What? The plane crashed? I didn't notice. I was on my Blackberry. Neither did I notice the guy sitting next to me who was hitting me so I would get out of his way. I'm going to send him a nasty text message.
Ah sure, there are pretty strict limits on autoland (such as crosswind etc) - and it's not a "pilots read the newspaper while an iPhone lands the plane" affair, but Cat III autoland is equipped on the large commercial jets, and many of the large airports have a Cat III autoland certified runway, allowing for, well, autoland. Go google for it, it's pretty well described out there on the intertubes.
I'd like to see tests proving that. EMF/RFI shielding isn't rocket science. The electronics in cars are hardened against pretty much everything - cell phone towers, high voltage power lines, microwave repeaters, terrestrial radio transmitters, etc... I don't see how flight avionics, which also have to be hardened against increased cosmic radiation and RFI from operating closer to the ionosphere, are so sensitive to relatively low power transmitters.
My Other Computer Is A Data General Nova III.
While the odds of a crash are minimal - if it's about to happen (and during takeoff and landing the timescales involved can be very short), you can drastically improve your odds if you pay attention.
One that hath name thou can not otter
[...] one of the multiple reasons is passenger attention.
That's what a pilot told me too. If passengers are listening to music, for example, they won't hear announcements made on the speakers.
It's not that the inability to hear announcements is a direct threat to the safety of passengers. But it's one of those cases where you want to eliminate anything that can potentially make a bad situation become worse.
Most plane crashes, it seems to me, are caused by a combination of small incidents that—combined together—create a deadly situation. When reviewing those incidents, they never seem so serious if considered separately.
Okay, admit it. You're just making this stuff up now, aren't you?
It seems hard to believe that every third car in 1985 had voided their warranty when they installed a CB radio.
IIRC, aircraft, at least the reasonably high altitude ones, have to be designed to cope with the possibility of lightning strike(not really as bad as it sounds, even badass voltages are relatively harmless when you are inside an aluminum tube). Lighting, of course, is basically the biggest, meanest spark-gap in the entire terrestrial context(compared to, say, Jovian lightning, it isn't much at all, but that isn't really relevant to any aircraft except Xenu's space-DC9s...).
Spark gaps tend to put out some seriously gross, broad band, RF noise. A spark gap with the energy of a lighting bolt should be quite the RF emitter.
Unless the designers depend exclusively on the aircraft's outer skin for RF protection(which seems unlikely, given the systems that need to communicate and/or scan the outside world, which obviously can't be faraday-caged inside the outer skin...) they have presumably had to deal with RF of the sort that would make your weedy little powered-by-batteries-and-FCC-regulated widget wet itself.

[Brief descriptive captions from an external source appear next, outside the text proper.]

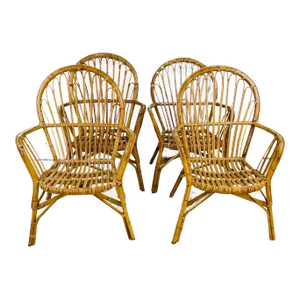 In the Manner of Paul Frankl ,Vintage Rattan Dining Chairs, Set of Four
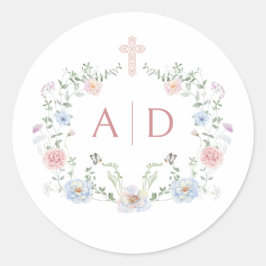 Elegante Floral Frame Religiöse Hochzeitmonogramme Runder Aufkleber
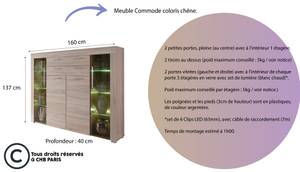 Commode - LED BOOM 1 articles Imitation chêne brut de sciage / Vitre fumée
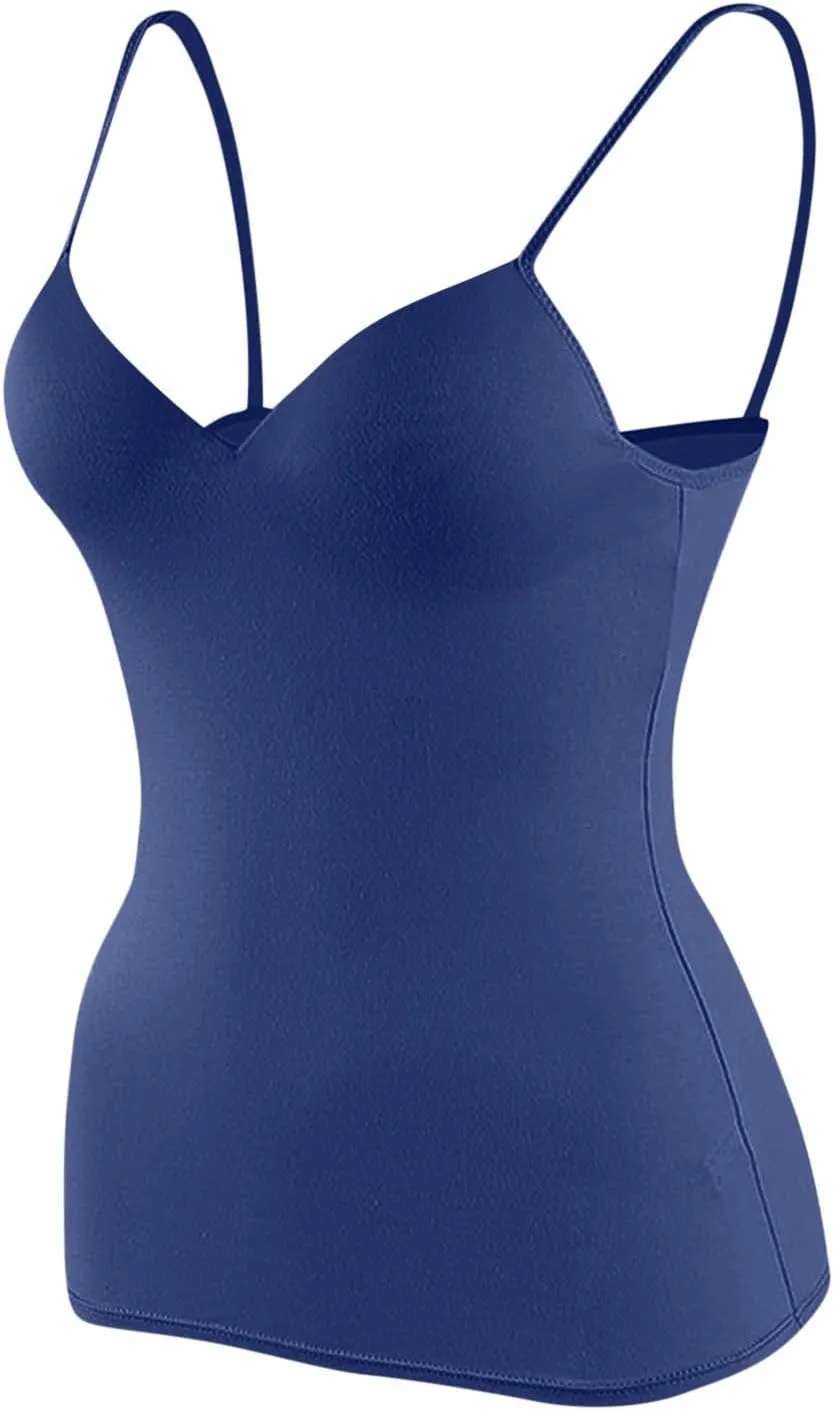 Camisole Tops for Women Built in Bra Slim Fit Crop Lightweight Quick Dry Padded Bras Sexy Vneck Layering Tank Tops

Also one would sincerely hope, given what the higher level of cosmic ray exposure can(with low but nonzero frequency) do in terms of flipping bits in any circuitry that isn't rad-hard, critical systems would be redundant, watchdogged and quick to reboot, or both.
Your car is touching the ground. Shielding is easy when you have a solid ground. How, exactly, do you get an effective ground when you're in the air?
There are many possible reasons why electronics of various types should be turned off, most of the covered by the discussion here. However, most importantly, THEY SHOULD BE TURNED OFF BECAUSE THE RULE IS TO TURN THEM OFF. That's right, I'm advocating obeying the rule just because there is a rule. Sounds like I'm some kind of wuss, huh?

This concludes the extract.